Epstein Barr Virus, EBV: causes mononucleosis.
What is the receptor for the CXC chemokine?
Stromal cell-derived factor 1 (SDF-1)
Why is it good that HIV enters through bodily fluids and not directly into a cell?
Because this provides a small window of opportunity for HIV specific B cells to be activated, providing there is sufficient T cell help.
What do the B cells do once HIV is detected? What does this do?
Antibodies are made.

these antibodies can be detected = HIV+.
- these antibodies only fight free viral peptides = not protective anti-viral immunity
How are uninfected CD4+ T cells destroyed by HIV?
- Infected CD4+ T cells interact with viral proteins - form syncytia formation.
- Uninfected cells are fused in the syncytia and both cells are destroyed
What is a useful marker for disease progression in AIDS?
CD4 T cell numbers decline
How long does it take for HIV infection to reach a steady state?
How long does the patient have to live after the steady state is reached?
Steady state – 6 mo
1 year - 15 years
If an air-borne bacteria escapes coughing and alveolar macrophages, how does it get into the lung?
1. It binds to epithelial cells and enters the lungs by transcytosis through the epithelial cells.

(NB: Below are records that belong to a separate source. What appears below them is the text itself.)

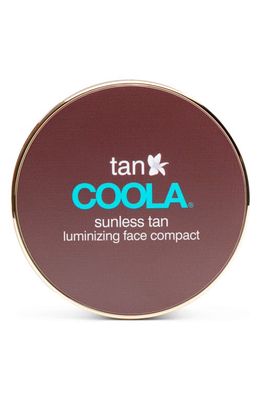 COOLA Suncare Organic Sunless Tan Luminizing Face Compact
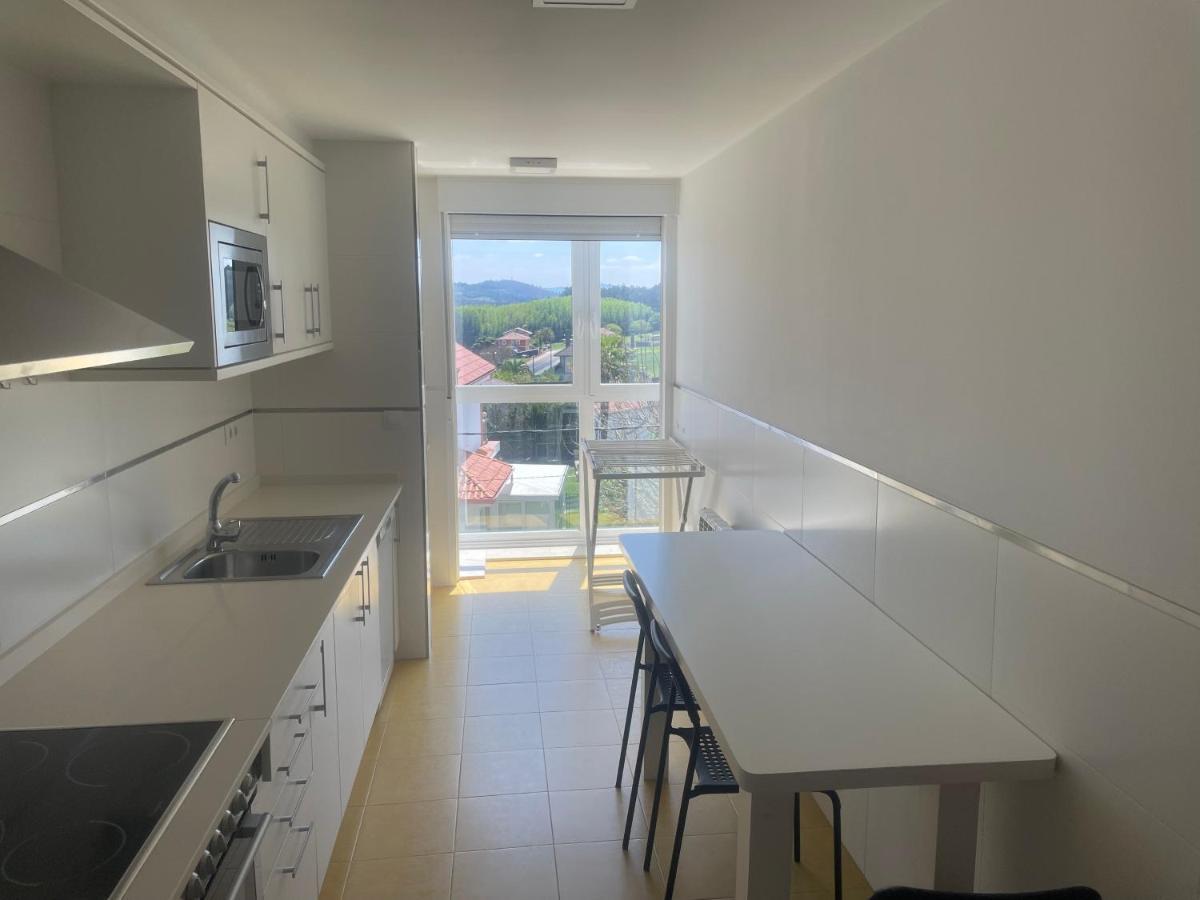 Solaina Apartament Lägenhet O Pedrouzo Exteriör bild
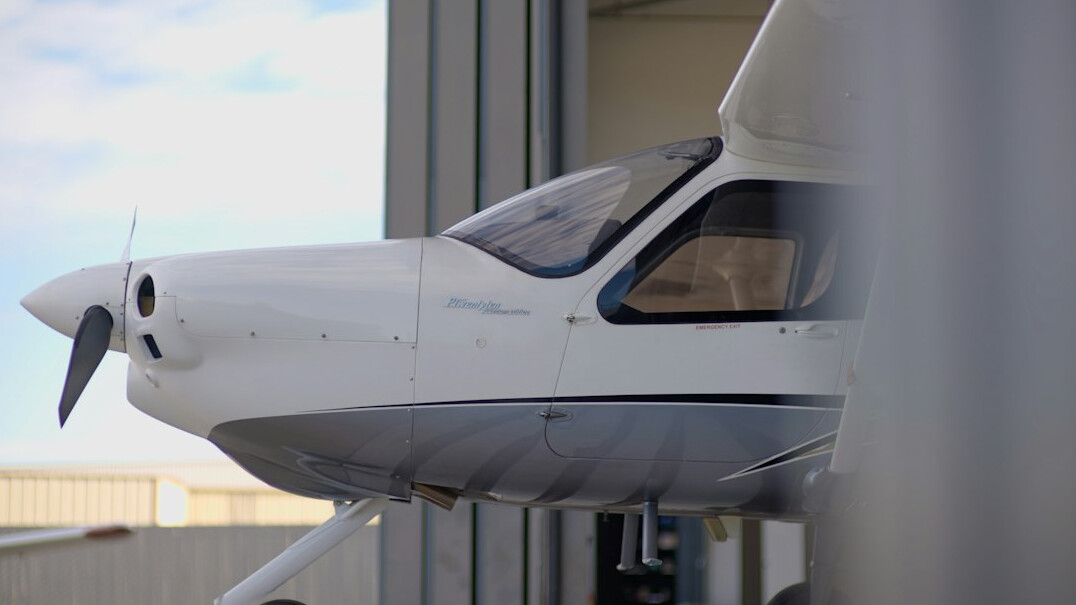 private jet interior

2. Or it may enter inside a macrophage (“trojan horse”) as the macrophage enters.
How is tuberculosis tested for?
purified protein derivative (PPD) from Mycobacterium tuberculosis (skin test)

- Cutaneous reaction develops from reactivation of memory CD4+T cells at site of infection

- referred to as the delayed-type-hypersensitivity (DTH) reaction or the Mantoux reaction.
How do food borne/oral-fecal intracellular bacteria get in?
1. They can get in by binding to M cells.

2. M cells are interspersed between epithelial cells and don’t have a protective mucous covering.
They pass through M cells in vesicles and go to the lamina propia where they can be phagocytosed.

3. They can also go to the mesenteric lymph nodes if they leave the lamina propra. IF they resist degradation by macrophages, they can proliferate in them.
Where is Candida albicans found primarily?
In the oral cavity and female genital tract.
- bind to glycoproteins in secretions of mucus membranes on epithelial surface
How might Candida albicans get to the basement membrane and below?
By forming budding protrusions termed “hyphae”.